(Web page caption snippets)
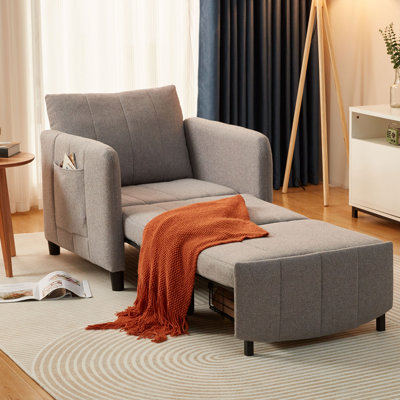 Fauteuil-lit extra long convertible 3-en-1 à 4-en-1 et canapé-lit simple pour canapé-lit adulte pour salon et petit espace Sleeper Chair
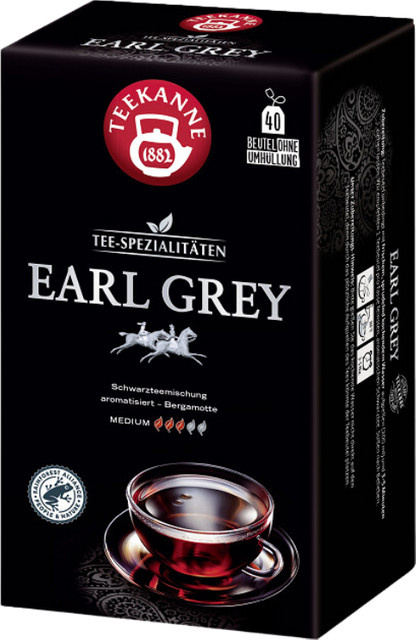 Teekanne Earl Grey, Schwarzer Tee, Teebeutel, 40 Stück, 80g - Bild 1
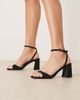 Raid RAID Cora block heeled sandals in black microsuede-Red - 1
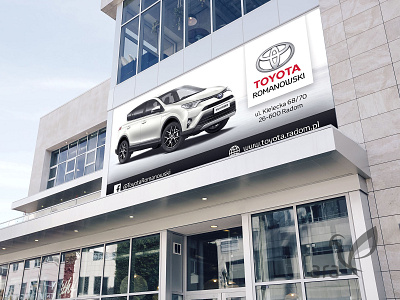 Banner Toyota branding design flat lettering type typography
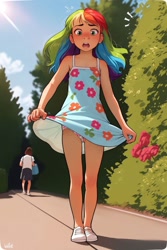 Size: 683x1024 | Tagged: explicit, rainbow dash, ai content, ai generated, banned from derpibooru, blushing, bush, child, clothes, cloud, dress, female, flower, freckles, grabbing, human, humanized, imported from twibooru, light, lolicon, nudity, open mouth, panties, partial nudity, prompter needed, pulling, shadow, shirt, shoes, skirt, skirt lift, sky, standing, sundress, sunlight, tree, underage, underwear, vulva, younger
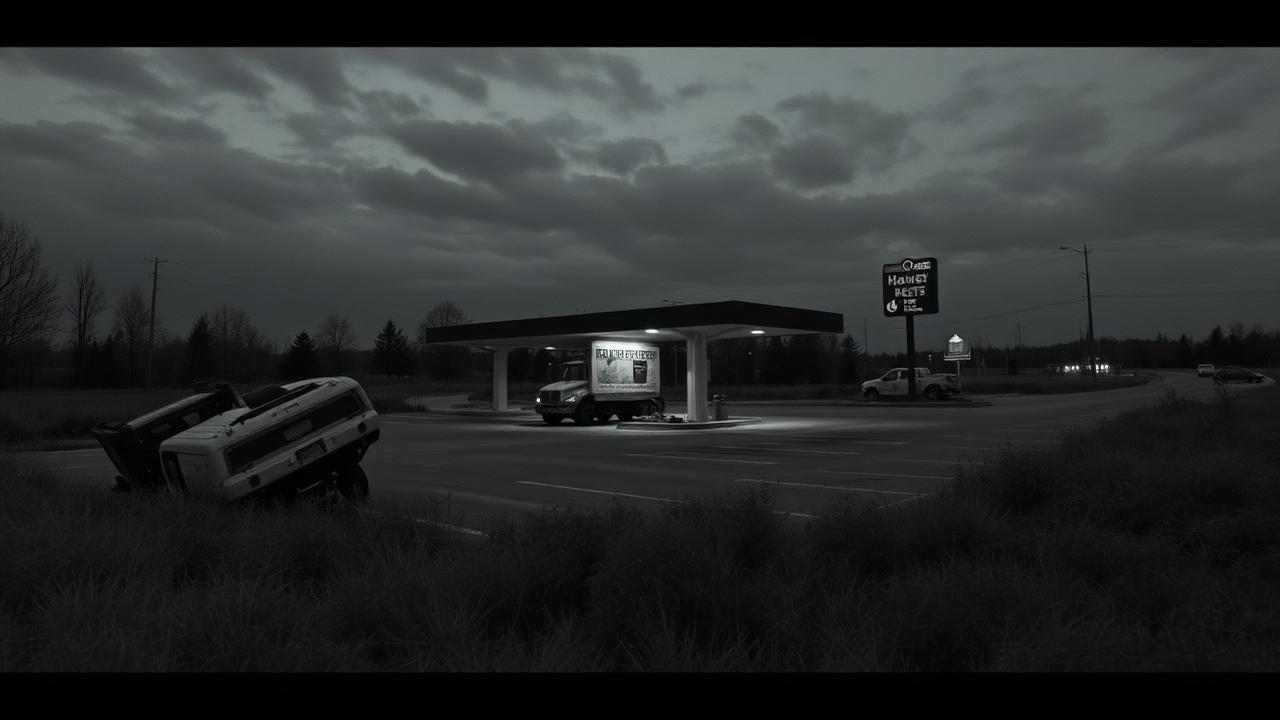 An abandoned highway rest stop at dusk with overturned vehicles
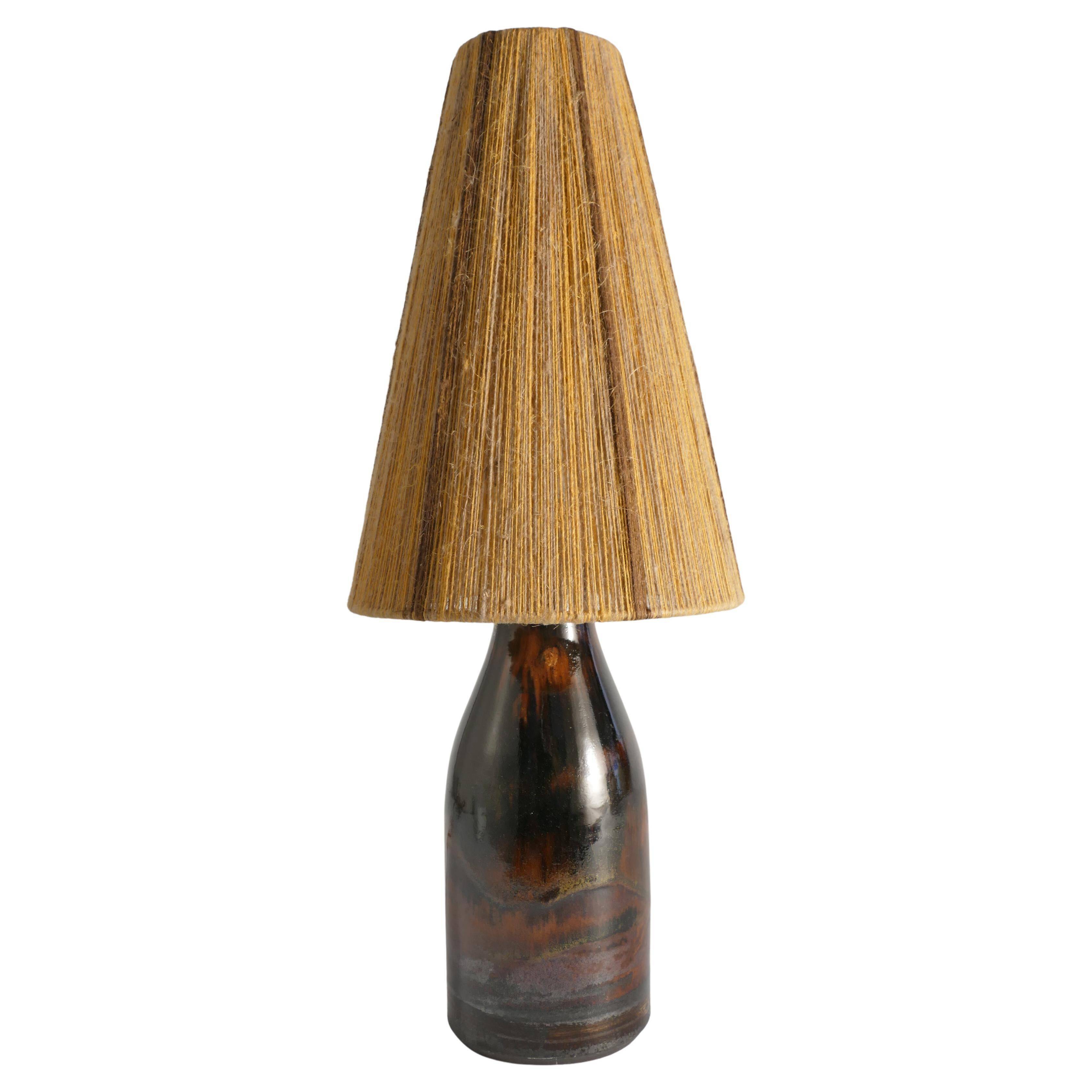 Brown Stoneware Table Lamp by Carl-Harry Stålhane, Designhuset, Sweden 1960s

» **ACTIVITY**: When copying the data above, repeat every word exactly and drop the pictures.

» **ANSWER FOR THIS EXERCISE**:
 Fauteuil-lit extra long convertible 3-en-1 à 4-en-1 et canapé-lit simple pour canapé-lit adulte pour salon et petit espace Sleeper Chair
 Teekanne Earl Grey, Schwarzer Tee, Teebeutel, 40 Stück, 80g - Bild 1
 Raid RAID Cora block heeled sandals in black microsuede-Red - 1
 Banner Toyota branding design flat lettering type typography
 Size: 683x1024 | Tagged: explicit, rainbow dash, ai content, ai generated, banned from derpibooru, blushing, bush, child, clothes, cloud, dress, female, flower, freckles, grabbing, human, humanized, imported from twibooru, light, lolicon, nudity, open mouth, panties, partial nudity, prompter needed, pulling, shadow, shirt, shoes, skirt, skirt lift, sky, standing, sundress, sunlight, tree, underage, underwear, vulva, younger
 An abandoned highway rest stop at dusk with overturned vehicles
 Brown Stoneware Table Lamp by Carl-Harry Stålhane, Designhuset, Sweden 1960s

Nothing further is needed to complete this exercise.